A hypebeast anatomy class
A diagram depicting the ‘fuccboi glass ceiling’ has been doing the rounds on Instagram and Reddit lately, having originated in London’s satirical political/fashion/feminist magazine Mushpit. The diagram places several fashion brands – mostly focused on streetwear – under four labels: innovation, aspiration, absorption, and iteration, with varying levels of disapproval.
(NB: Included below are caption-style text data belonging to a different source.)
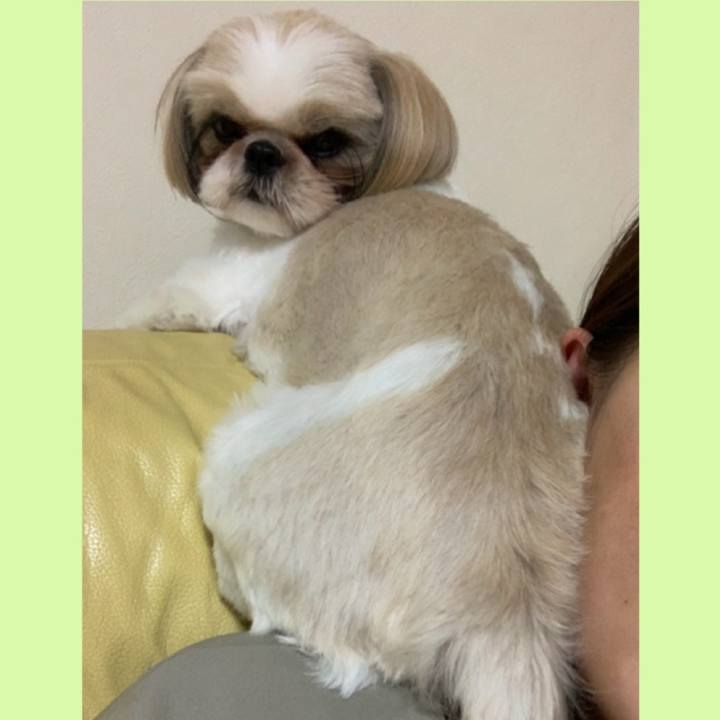 Fdb1b854 1834 4cb6 8ddc f36791f94ba9 1600087660446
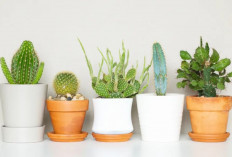 Jarang Disiram Tetap Hidup, Ini 6 Tanaman Hias Tahan Banting, Penyaring Udara Alami untuk yang Super Sibuk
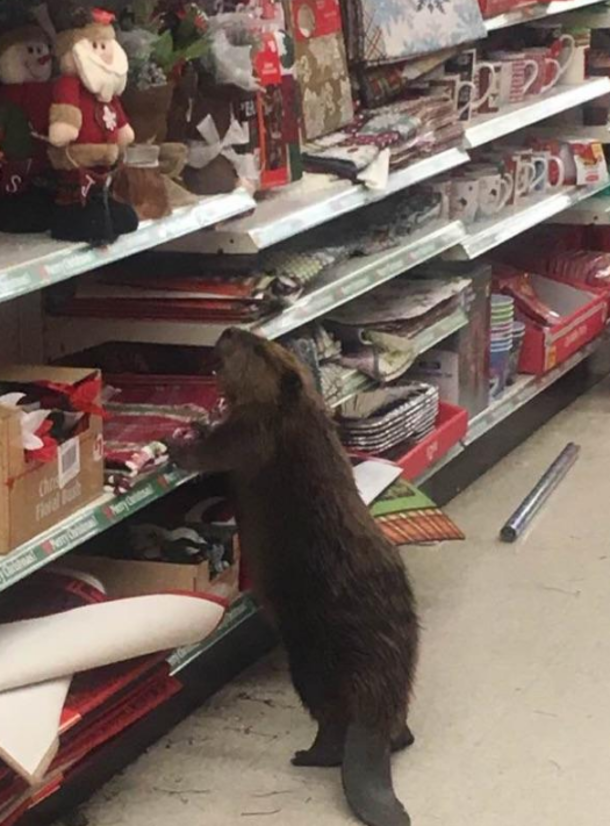 Beaver Walks Into Md. Store, Finds Only Artificial Christmas Trees, And Proceeds To Trash It - picture 4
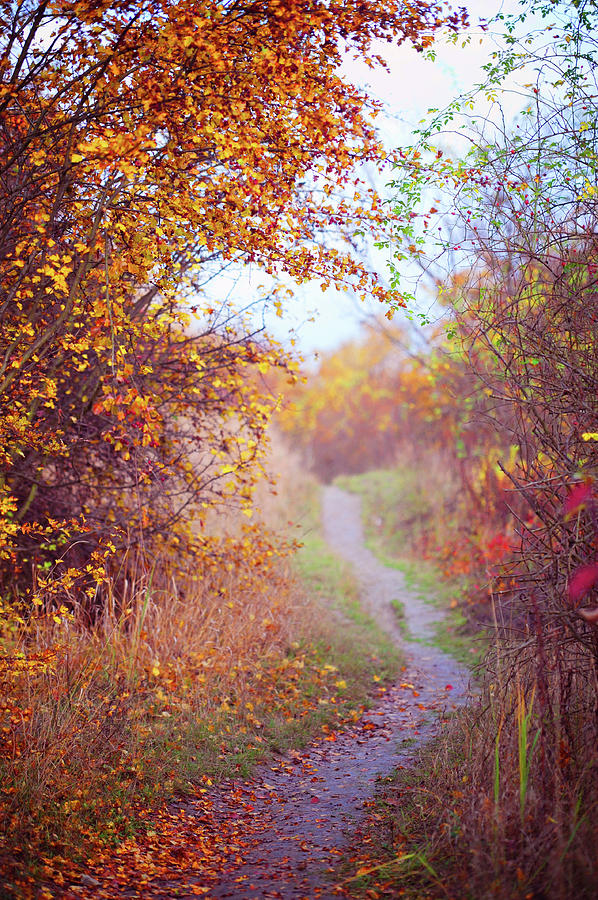 By Autumn Path 2 Photograph by Jenny Rainbow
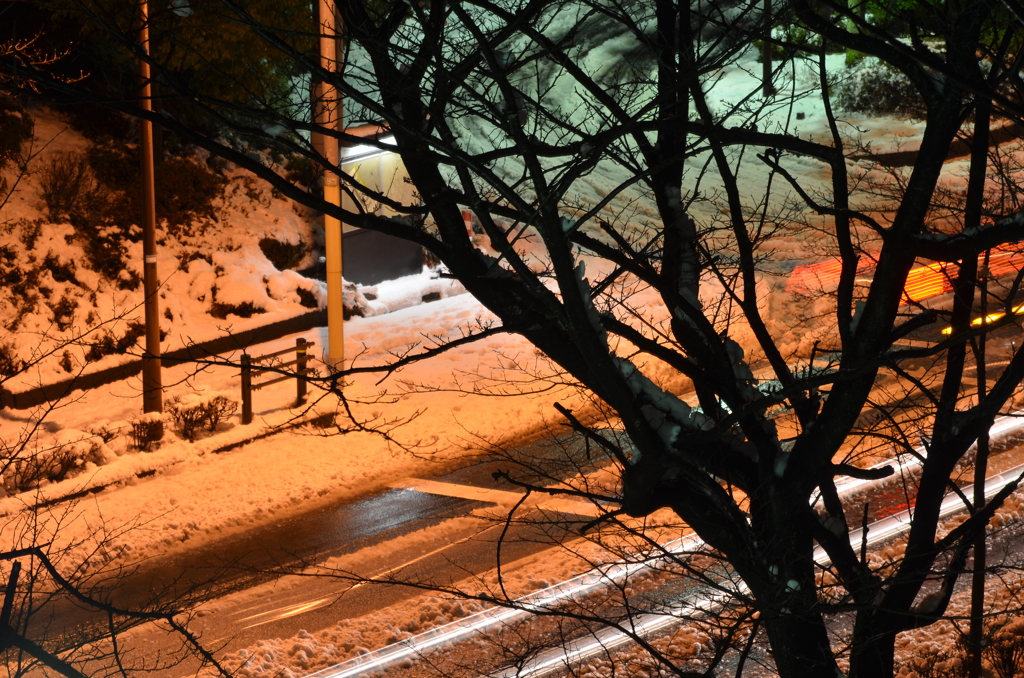 雪の降った夜の風景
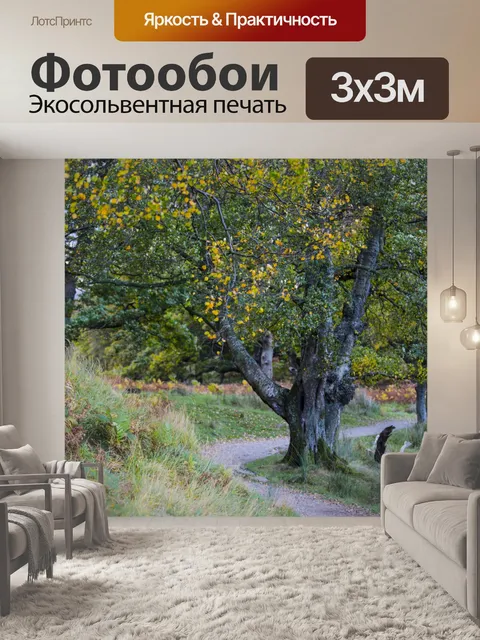 Фотообои лес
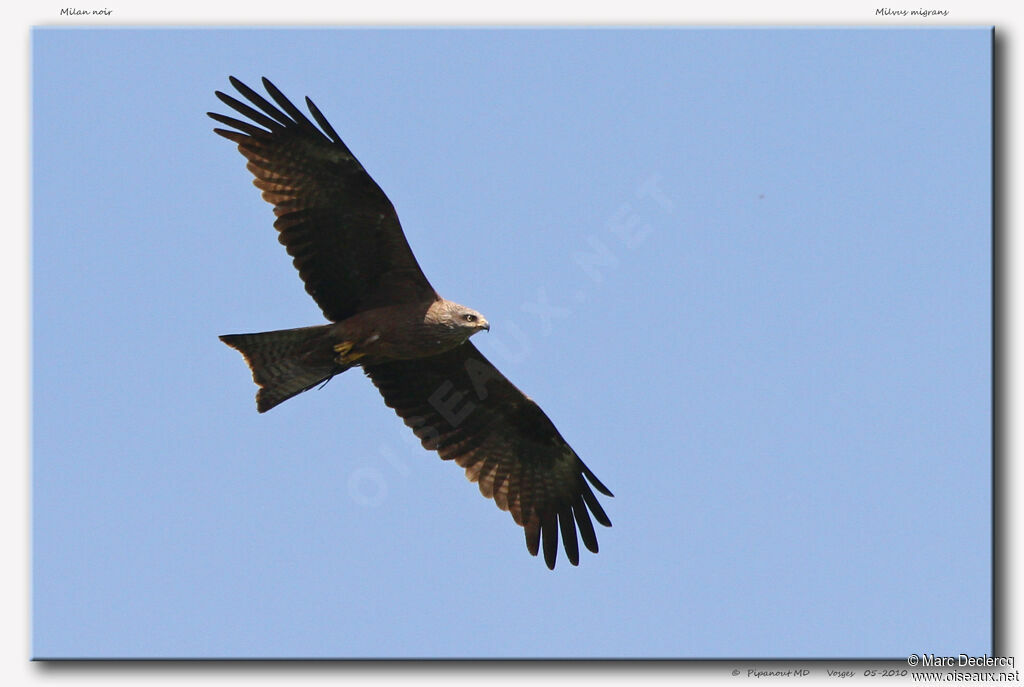 Black Kite, Flight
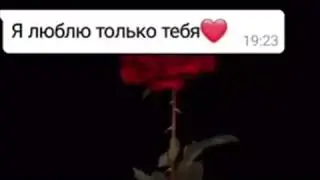 Когда читаешь переписки с бывшей
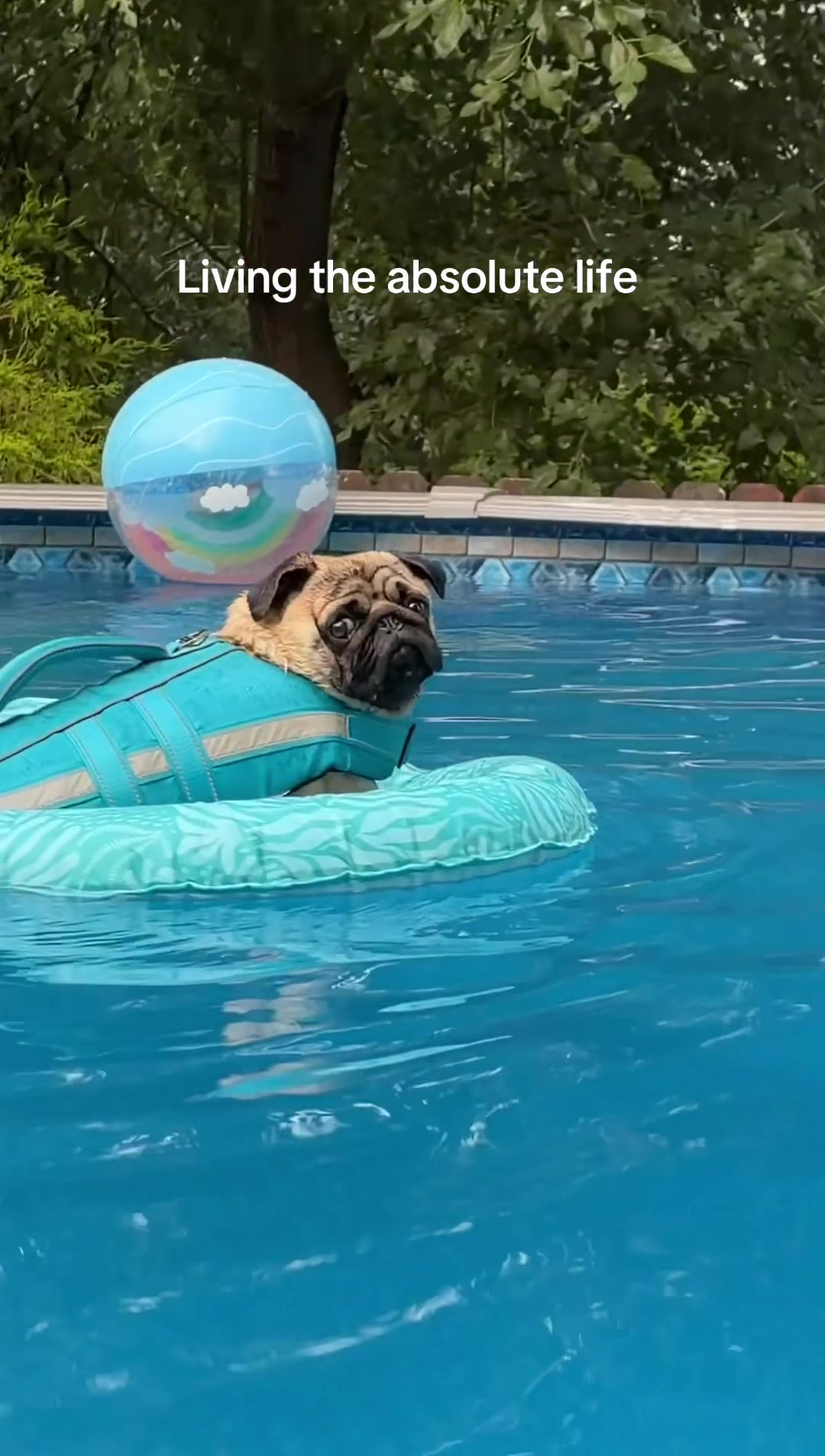 @thewinterpug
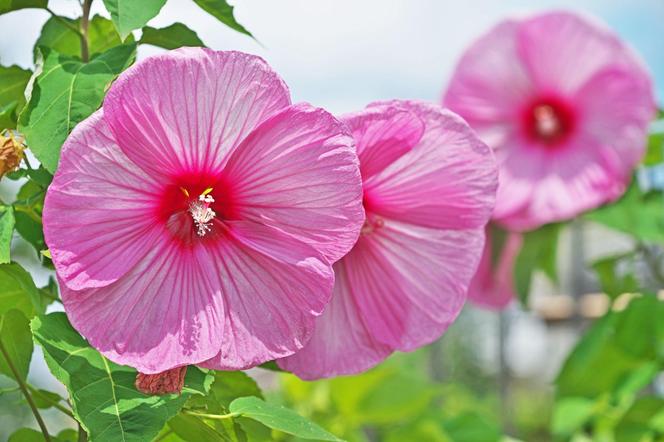 Hibiskus bagienny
While Comme des Garçons, HBA, and Telfar are branded ‘high fashion’ (and, thus, fall under the innovation category and above the queer threshold) Bape, Vetements and Raf Simons have to settle for ‘aspirational’. Meanwhile, Palace and Supreme emerge from the murky heterosexual soup which swims at the diagram’s bottom.
Obviously, all of this has led to plentiful sounding off in comment sections about who’s who and should fall where. But Lucas Mascatello, the artist, strategist, and creator of New York newspaper Civilization that contributed the ‘fuccboi glass ceiling’ diagram to issue 10 of Mushpit, seems to take it pretty seriously.
“I feel really cynical about streetwear and what it’s doing to youth culture. I’m not a huge fan of the fashion industry to begin with, but streetwear turning kids into yuppies by domesticating and selling off subcultural aesthetics is particularly gross,” he explains. “I feel really disgusted by the way that aspirational branding has pushed luxury into every market and erased the middle class. It’s made 12-year-old kids into hypebeasts, while also forcing middle-aged men to dress like teenagers.”
“It’s really about how straight white teenagers ruin fashion by supporting brands that commodify and deradicalise countercultural ideas” – Lucas Mascatello
So the diagram isn’t just a bit of fun, but a genuine critique of streetwear brands and the culture they’ve spawned. “It’s really about how straight white teenagers ruin fashion by supporting brands that commodify and deradicalise countercultural ideas,” Mascatello adds. This explains the addition of a ‘queer threshold’ to the diagram – above which one is safe from the artist’s sartorial shade – and the aforementioned heterosexual soup.
Why has the ‘fuccboi glass ceiling’ diagram found traction? Mascatello agrees that it has something to do with its ability to trigger arguments: “People mostly like to argue about the brands themselves in the diagram,” he says. “I think it irritated some people who consider themselves experts in fashion, but that was sort of the point.”